How to calculate the equivariant cohomology ring of $P^2$? It is well known that Kirwan's injection theorem gives an ring injection from $H^{\ast}_T(M)$ to $H^{\ast}_T(M^T)$ which is induced by the inclusion $M^T \to M$,  where $T$ is a torus acting on manifold $M$ and $M^T$ is the fixed point set of this torus action. 
I came across a problem when my professor tried to use Kirwan's injection theorem to explore the ring structure of $\mathbb{CP}^2$. Here $\mathbb{S}^1\times\mathbb{S}^1$ acts on $\mathbb{CP}^2$. The professor just regards $\mathbb{CP}^2$ as a triangle with edges $\mathbb{CP}^1$, with orthogonal axis $u$ and $v$. Then he said on each vertex there is a polynomial since $H^{\ast}_T(M^T)=H^{\ast}(M^T)\otimes\mathbb{C}[u,v]$. Suppose the triangle is put with two orthogonal edges parallel to the axis $u$ and $v$. Then for the two vertex on the edge of $u$ direction, set $u=0$ to obtain the relations between coefficients. For the case $\ast=2$, each vertex has a polynomial of the form $au+bv$. So there would be 6 unknowns with 3 equations, which gives the rank of $H^2_T(M^T)$ to be 3, same for $H^2_T(M)$.

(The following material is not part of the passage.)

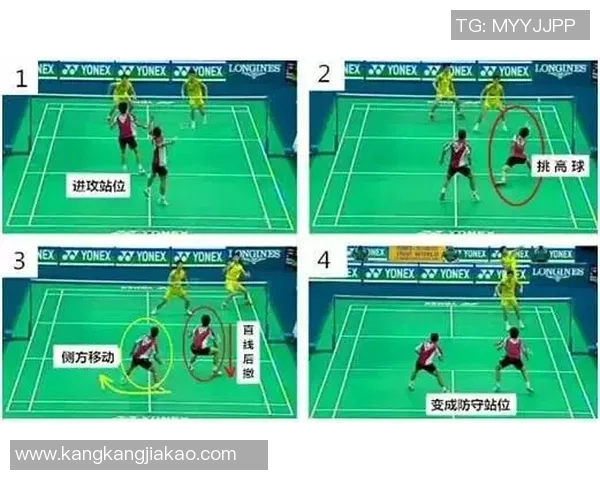 西安羽毛球队包夹战术分析与比赛表现的得失探讨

Now my questions are: Firstly, how should I understand the view of $\mathbb{CP}^2$ as a triangle sitting in the orthogonal coordinate system, and why the $u$ and $v$ here coincident with the coordinate axis? Secondly, what is the intepretation of setting $u=0$ when we are trying to find the structure of the cohomology ring? Hope someone can help me with those questions.

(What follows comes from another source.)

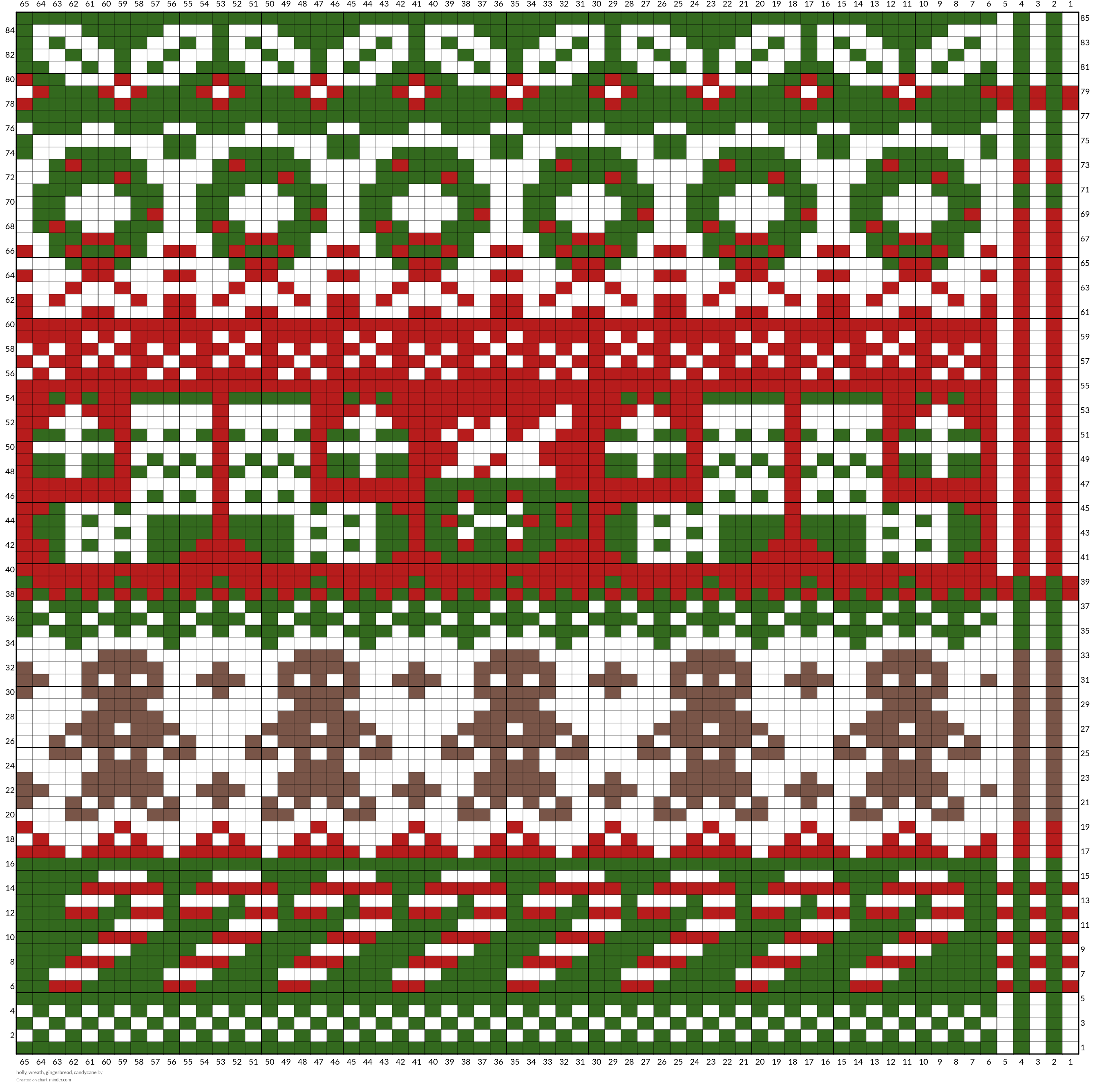 holly, wreath, gingerbread, candycane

 A: It sounds like you're talking about GKM (=Goresky–Kottwitz–MacPherson) theory, in which case it's better to think of tori as complex tori, i.e. as products of copies of $\mathbb C^\times$ and not of $S^1$. The triangle to which you're referring is the so-called moment graph of $\mathbb{CP}^2 = SL_3(\mathbb C)/P$, where
$$ P = \begin{pmatrix} \ast & \ast & \ast  \\ 0 & \ast & \ast  \\ 
0 & \ast & \ast \end{pmatrix} $$
and $T=\mathbb C^\times \times \mathbb C^\times$ is the diagonal subgroup of $SL_3$ acting by left multiplication. The vertices of the moment graph are the $T$-fixed points, of which there are three in this case. Two vertices are connected by an edge if and only if there's a one-dimensional $T$-orbit whose closure contains the corresponding fixed points. The closure of such an orbit is a copy of $\mathbb{CP}^1$, so that might explain why your professor labeled the edges as such. But anyway, the moment graph already comes with a useful labeling and a direction, though let me not say more about this here.

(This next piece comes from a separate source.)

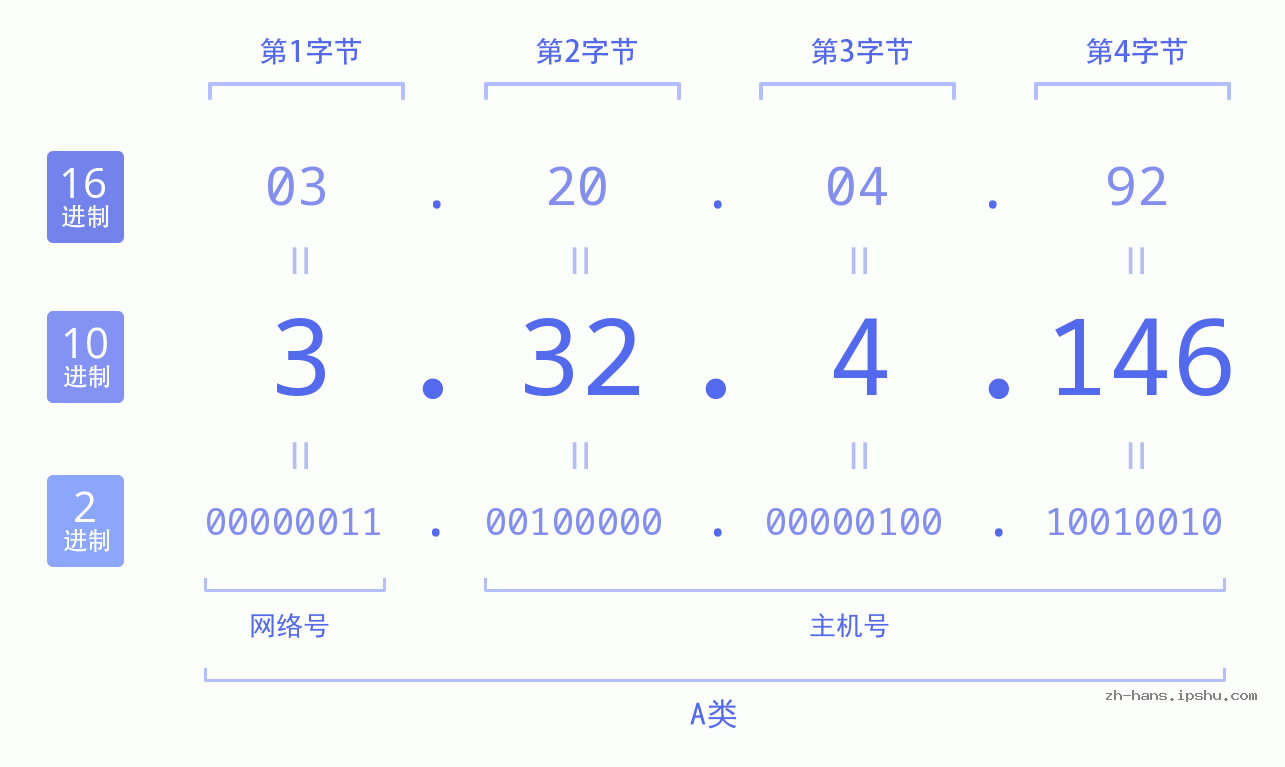 IP地址:3.32.4.146 数据结构图 二进制 十进制 十六进制 IPv4: 3.32.4.146 网络类型 网络号 主机号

GKM theory provides a combinatorial description of $H_T^\ast(M)$ in terms of the moment graph of $M$, and it appears that this is what your professor was using. (Here $M$ refers to a projective variety on which a complex torus $T$ is acting in some "nice" fashion. If $M=G/P$ is a generalized flag variety then the action of a maximal torus $T\subset P$ of $G$ is "nice" enough for GKM theory.) One is also provided with an isomorphism
$$ H^\ast(M) = \frac{H_T^\ast(M)}{\mathfrak{m} H_T^\ast(M)}, $$
where $\mathfrak m$ is the augmentation ideal $(x_1,\ldots,x_n)$ in $H_T^\ast({\text pt}) \cong S(\mathfrak{t}^\ast) \cong \mathbb C[x_1,\ldots,x_n]$.
For more on this, I recommend Julianna Tymoczko nice survey article. Be sure to check out example 4.1, where she computes $H_T^\ast(\mathbb{CP}^2)$ for our $T$ above.